There has to be some motivational factor there.

Perhaps, as those who earn a living in College Hall would suggest, that motivation comes from satisfaction derived through the opportunity to learn from some of the best minds in the world. More realistically, the bigger force at work here is coming from the Franklin Building; from the kind people who collect tuition checks and, in the process, give all students reason to think "I paid for it; I might as well go."

Think about how that decision would change in the absence of those motivating factors.

Welcome to the life of a high school student.

When the setting shifts from the leafy grandeur of higher education to the basic, drab world of compulsory secondary school, so too does the mindset of the students. Lacking incentive, be it a push from a parent or desire to perform, high schoolers give up early on attending school as the days go by and, eventually, altogether.

This is a growing problem in public schools across the country, and the data are particularly stark here in West Philadelphia. At University City High School on 36th Street, just 72 percent of students are in class on a given day, according to data from a consortium of Penn researchers called West Philly Data. West Philadelphia High reports a similar 73 percent attendance rate. Both of these are well below the city average of 86 percent and trail the Pennsylvania standard of more than 90 percent.

Disparaging numbers such as these in other parts of the country provoked school administrators -- whose budgets are often tied to average daily attendance -- to take somewhat unusual steps to get kids back in school.

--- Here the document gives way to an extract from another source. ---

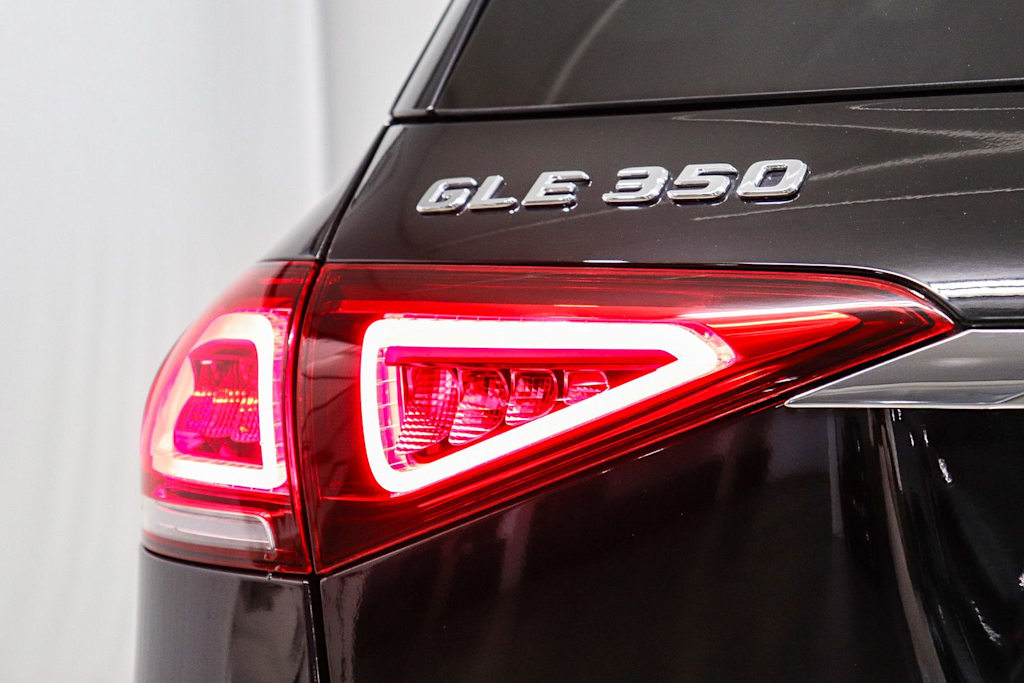 Thumbnail: 2021 Mercedes-Benz GLE - 21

The New York Times described some of these initiatives in a page-one story on Sunday carrying the headline, "And for perfect attendance Johnny gets ... a car."

That is no exaggeration.

Programs from Massachusetts to Florida have sprung up offering students prizes and sometimes cash for coming to school. The Times described a high school in Chelsea, Mass., that offered students $25 for every quarter they had perfect attendance.

And while this may, at first glance, seem as though schools are "bribing" students -- as one administrator noted -- it is providing the kind of incentive that had been lacking in the past. For the schools that employed such rewards for attendance, more students filed into classrooms and truancy dropped significantly. The higher number of children in school also brought in more funding for the districts -- often thousands of dollars.

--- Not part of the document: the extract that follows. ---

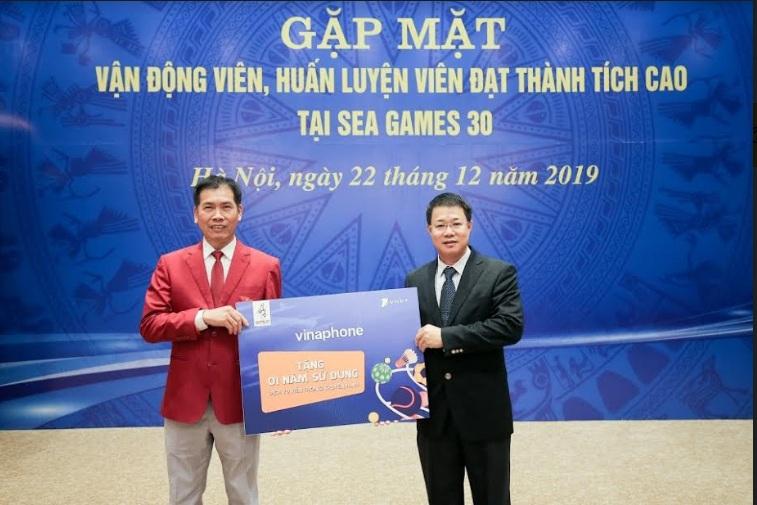 Phó Tổng Giám đốc Vinaphone Nguyễn Trường Giang trao quà cho đại diện Đoàn thể thao - Phó Tổng cục trưởng Tổng cục TDTT Trần Đức Phấn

Despite the results, programs that reward students -- or parents, as in the case with one school district in Chicago that gave away a year's supply of groceries -- still tread on thin moral ground for sending the message that school is somewhere you are "paid" to be rather than somewhere you go to learn.

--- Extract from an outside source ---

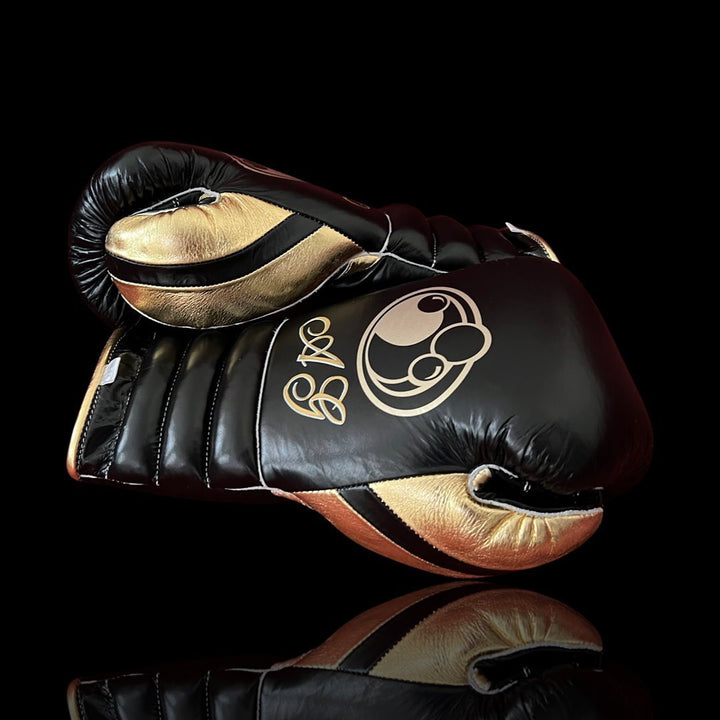 Grant Boxing Gloves Black/Gold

Is that really all that bad, though?

Graduate students at most schools receive an education and a stipend for their work in research or teaching. Undergraduates with notable credentials or demonstrable need are granted scholarships to study.

Where secondary schools are missing the point is not on the concept of rewarding students for stellar attendance, but rather they are missing the prize. Giving away an iPod is hokey. Giving away a chance to continue education for those who show they are committed is highly laudable.

The reward for perfect attendance ought to be a college scholarship. School districts and ultimately state legislatures should stop toying with the idea of dangling a sugar-coated carrot and make this bold pledge: Any student with perfect attendance -- and reasonable grades, of course -- shall receive a full-ride to the state's flagship university. Many states already offer similar scholarships to their top students, but these rewards often ignore those who may not have outstanding grades but nonetheless put in their best effort.

Sometimes commitment and work ethic are more important than raw results.

There may be few incentives more attractive to the millions of students in this country who cannot afford college than a chance to improve their lives forever through education. It could go a long way in getting some of those students at University City High -- 82 percent of whom come from low-income families -- back in the classroom.